Marcelo Gonçalves/FolhapressMarcelo Gonçalves/FolhapressWassef esteve no Planalto no dia em que o presidente estava mais alterado: terá sido esse o gatilho?
A psicanalista Ana Beatriz enxerga “uma espécie de fanatismo” nas declarações de Bolsonaro sobre os Estados Unidos. “Quem acredita ser Napoleão, o faz verdadeiramente”, diz a professora. “É uma loucura funcional”, resume o professor Christian Dunker, do Instituto de Psicologia da Universidade de São Paulo. Para ele, diante da perda de popularidade e com a reeleição em risco, Bolsonaro tenta contornar sua incompetência política com atos e declarações que denotem “virilidade”, como a declaração contra os Estados Unidos. “Ele quer dar provas de coragem e faz isso chamando os cidadãos de maricas ou falando da possibilidade de guerra contra os americanos”, explica. “Para o presidente, é um golpe perder o apoio imaginário dos Estados Unidos. A preocupação dele é como será visto pelo eleitorado. Bolsonaro está refém do personagem que criou.”

Vistas pelo ângulo político, as declarações polêmicas em série de Bolsonaro tiraram um pouco dos holofotes um dos assuntos mais indigestos para o presidente, o caso Queiroz. O presidente rompeu o estilo paz e amor que havia adotado desde a consolidação da aliança com o Centrão no Congresso e com a ala garantista do Supremo Tribunal Federal justamente no momento em que o Ministério Público do Rio de Janeiro denunciou o senador Flávio Bolsonaro pelo desvio de 6,1 milhões de reais no suposto esquema de rachid na Assembleia Legislativa do Rio. Curiosamente, no dia em que proferiu os desvarios, o ex-advogado do presidente Frederick Wassef foi flagrado entrando no estacionamento do Palácio do Planalto, conforme informou o jornal Folha de S.Paulo. A pergunta é: o que Wassef teria ido dizer ao presidente?
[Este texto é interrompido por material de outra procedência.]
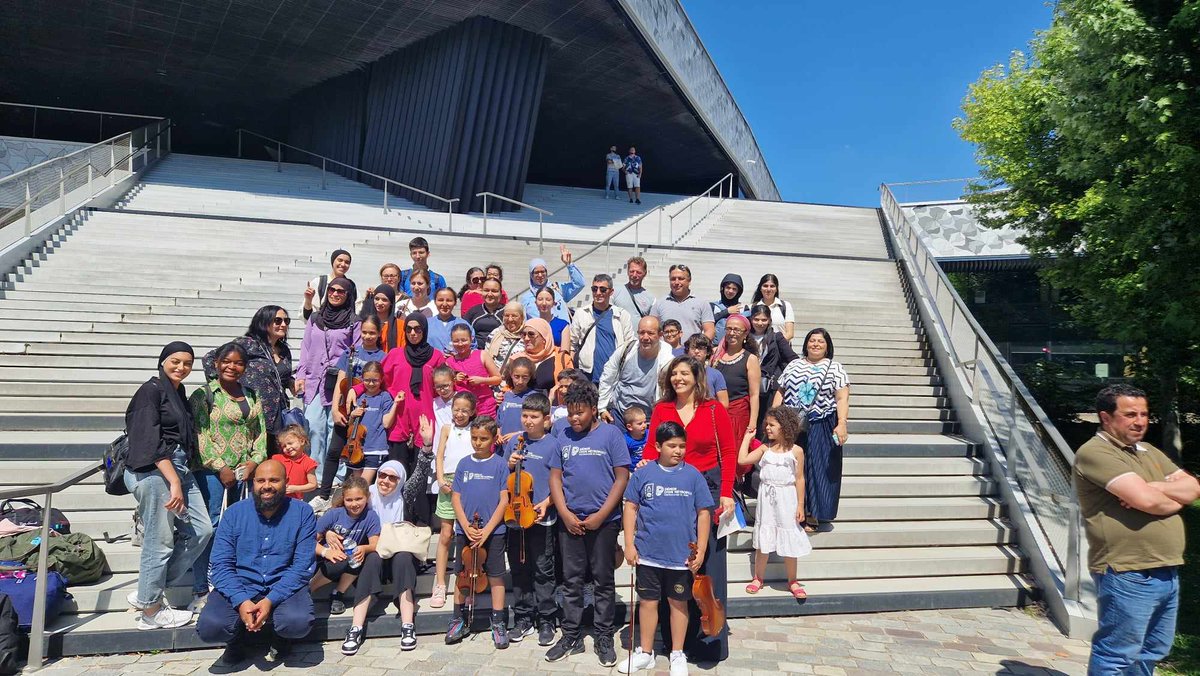 NadiaLakehal's tweet photo. CULTURE - 30 enfants de Vaulx-en-Velin à la Philarmonie de Paris 🎻🎺🎶🎷
C'est avec une immense fierté que j'ai accompagné à la Philarmonie de Paris 30 enfants vaudais et leurs parents  
Un grand bravo aux enfants,à l'ONL et de la Philarmonie 

Un week-end mémorable! https://t.co/4vY2OC6XEx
Convenhamos que a presença do ínclito Wassef no Planalto, pela repercussão que gera e riscos que envolve, não seria para trocar amenidades. Algo importante e provavelmente urgente deveria estar em pauta. Terá sido esse o gatilho para mais uma atitude tresloucada do presidente? Quando o advogado desembarcou no Planalto, a cerimônia em que Bolsonaro disparou seu palavrório já tinha terminado, mas certamente, àquela altura, ele já sabia da visita — em entrevista a GloboNews, Wassef teve o desplante de dizer que “não foi ao palácio”, mas que, sim, “passou” no estacionamento, encontrou algumas pessoas e saiu. “Minha vida aqui é uma desgraça. É problema o tempo todo. Não tenho paz para absolutamente nada”, desabafou o presidente. Não, Bolsonaro, quem não tem paz são os brasileiros.